As your cat continues to sit on you or wherever else they like, it brings me back once again to the lions and tigers, who just like your cat; sleep an awful lot. In fact, it is not uncommon for a lion to sleep the better part of 20 hours a day. What gets him out of bed is usually to eat, mate or protect his pride. You'd never hear a lion purr however. They simply have different structural adaptations for this communication and so whilst your cat may be discussing their thoughts via a continuous vibration of their vocal chords, a lion instead, can only roar. This makes me think about other differences between the two genus', which include not just their size but how their eyes function and appear, how they move and even how their tail is designed.
But, what is it about them that makes them so similar?
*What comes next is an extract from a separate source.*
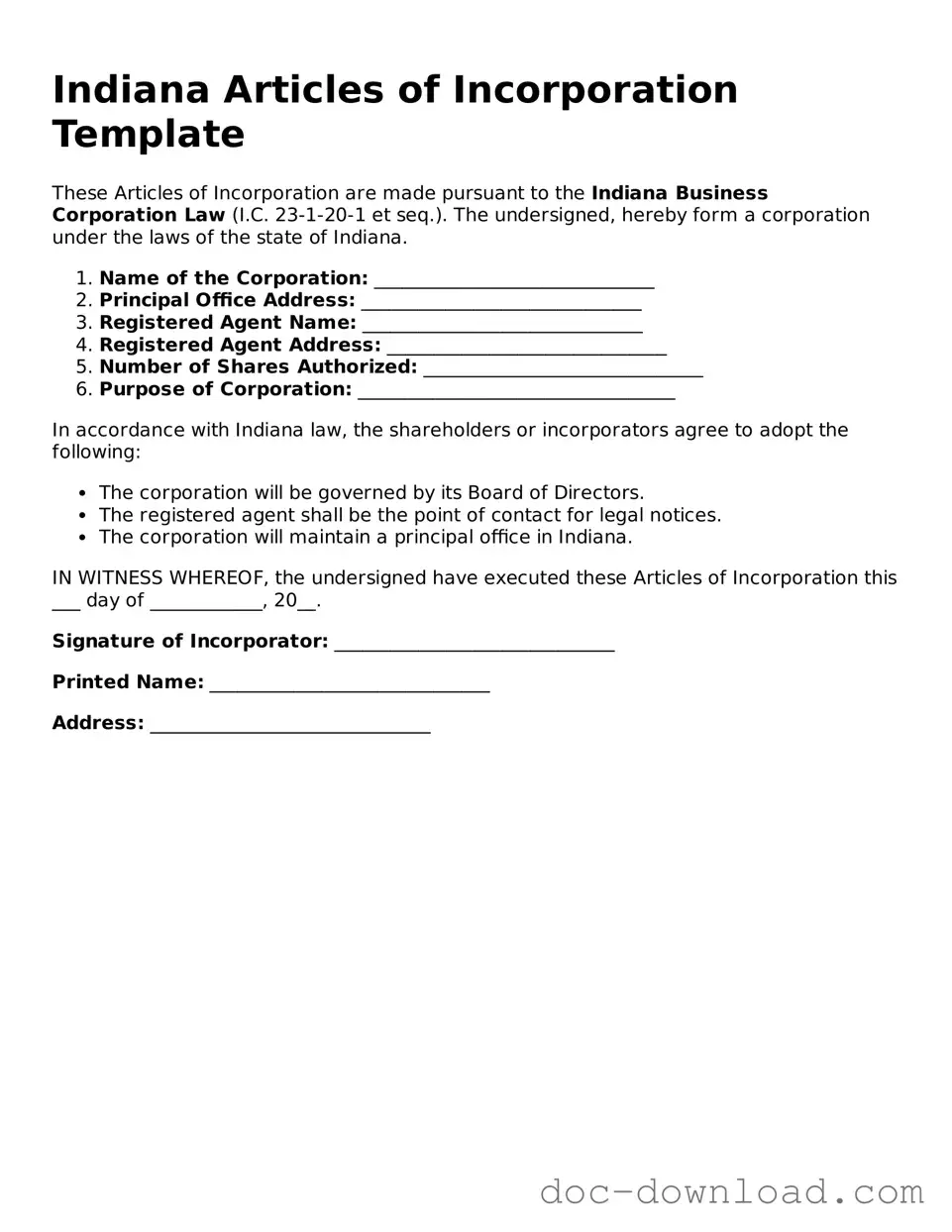 Blank  Articles of Incorporation Document for Indiana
If you were brave enough to sit wide eyed in the Serengeti or the Sumatran Rainforest, you may find that it is difficult to decipher the behaviour of a big cat to your pet cat. They are cunning hunters, often most frustratingly, are nocturnal and spend most of their time on their own. There are really only two groups of cats who survive as groups and they are the lion and cheetah. The rest have survived over hundreds of thousands of years using their keen sense of smell, hearing and eyesight to locate those who they may want to pair up with and those who they may need to avoid.
If you are more of a cat than a dog person, you will appreciate their striking adaptations for survival. Cat lovers have a healthy respect for their independent antics, even when a deceased bird makes its way into your kitchen, or the couch services as a preferred scratching post. For me, it is quite striking how people who have dogs with similar behaviours cry out for help, where as the average cat owner, might resign to say 'yeah, that's what cats do'. It really is true what they say; 'dogs have owners, whilst cats have staff'. It just makes you respect them that bit more doesn't it!
If you are however hoping to keep your couch's expensive upholstery in its near original condition, scratching posts work beautifully, especially when positioned right beside the couch if given a yummy treat immediately after use. If they start to scratch the couch, calmly pick them up and put them on their post. If you're consistent, you will find your cat learns what you want quickly and your couch will benefit.
To prevent your cat from bringing dead birds inside, I encourage you to put a bell on their collar, giving some of our most critically endangered birds a fighting chance to get away. It is so important to control where your cat goes during day and night-time. They are extraordinary hunters and whilst you're asleep, they are capable of destroying and maiming native wildlife. Respect the cat curfew in your local area and keep more birds in trees, instead of your kitchen. This doesn't mean that you prevent them from expressing their hunting prowess completely. Create games for your cat, use toys and food to keep their mind and instincts active. You may find they are less destructive too. Whilst they may have been tamed by people some four thousand years ago, they are still hunters.
So as you sit beside your beloved cat, think about how four thousand years ago, the ancient Egyptians embarked on domestication that would make a species the most popular pet of all time. A species of animal worshipped by the Gods, and revered for their godly abilities. With cats one of the most commonly surrendered pets across the world however, perhaps we have something to learn from an ancient civilisation, that once again has proved to have been ahead of its time.